Increases in the minimum wage are followed by a decrease in students enrolling in community college – particularly part-time students – according to a new National Bureau of Economic Research (NBER) working paper released this month.
The paper, Raising State Minimum Wages, Lowering Community College Enrollment, was authored by Diane Whitmore Schanzenbach (Northwestern University), Julia A. Turner (Northwestern University), and Sarah Turner (University of Virginia).
Method
Using enrollment data from the Integrated Post-secondary Education Data System (IPEDS), the researchers gathered enrollment and degree completion data at two-year and four-year institutions for the period of 1986-2019.
They then linked enrollment and completion results to state-level historical minimum wage changes based on sources such as state legislation and resolutions, federal reports from the Bureau of Labor Statistics, reports from state and local agencies, and communications from state labor departments.
Between the academic years of 1986 and 2019, the researchers documented nearly 400 minimum wage changes at the state level; of these, 170 involved an 8% increase or larger, which they used as their “relevant” threshold for testing the relationship between minimum wage increases and college enrollment.
Results
In the year following a relevant minimum wage increase, two-year college enrollment dropped by just over 4%. That decline did not change significantly over the subsequent four years; by year five, two-year enrollment remained down by about 4%.

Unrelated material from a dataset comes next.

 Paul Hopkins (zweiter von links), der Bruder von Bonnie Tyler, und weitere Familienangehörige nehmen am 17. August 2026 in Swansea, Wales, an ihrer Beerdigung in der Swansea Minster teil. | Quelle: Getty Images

In contrast, there was no significant change in four-year enrollment after a minimum wage increase.
The results remain basically the same when the sample is limited to public institutions only, which account for 88% of two-year enrollment and 68% of four-year enrollment.
At two-year colleges, part-time enrollment (about 60% of 2-year enrollment) dropped by 6% in the year following a relevant minimum wage increase, and remained at that level through the end of the sample period. Enrollment declines were smaller for full-time students (about 2%), but they also persisted throughout the studied period.
Although women make up about 60% of enrollment at public two-year institutions, there was no difference between men and women in how their enrollment changed in response to a minimum wage increase.
Overall, the impact of minimum wage increase on four-year enrollment were nonsignificant. One exception was a small, but statistically significant, increase in part-time enrollment at public, four- year institutions in the first few years after a minimum wage increase. However, that small bump dissipated after a few years.
The authors also examined the impact of minimum wage increase on degree completion at two- year colleges, looking separately at certificate programs with duration of less than one year, those with a duration of less than two years, and two-year associate (AA) degrees.
Despite the declines in enrollment at two-year colleges, the study found certificate and degree completions remained largely unchanged in response to a minimum wage increase. The one exception was that minimum wage increases were linked to a small, but significant, decrease in women earning AA degrees.
Although several factors have been suggested as reasons why community college enrollment has dropped so significantly (from 7.2 million students in 2010 to 4.7 million in 2020), this study suggests that meaningful increases in the minimum wage appear to be one contributor.
The implications of this influence need more study. What are the longer term consequences of students opting out of college because of the lure of jobs with increased wages? How big are the opportunity costs of electing to not attend college? And to what extent are employers making up for some of this forgone education with on-the-job training or employer-provided educational benefits?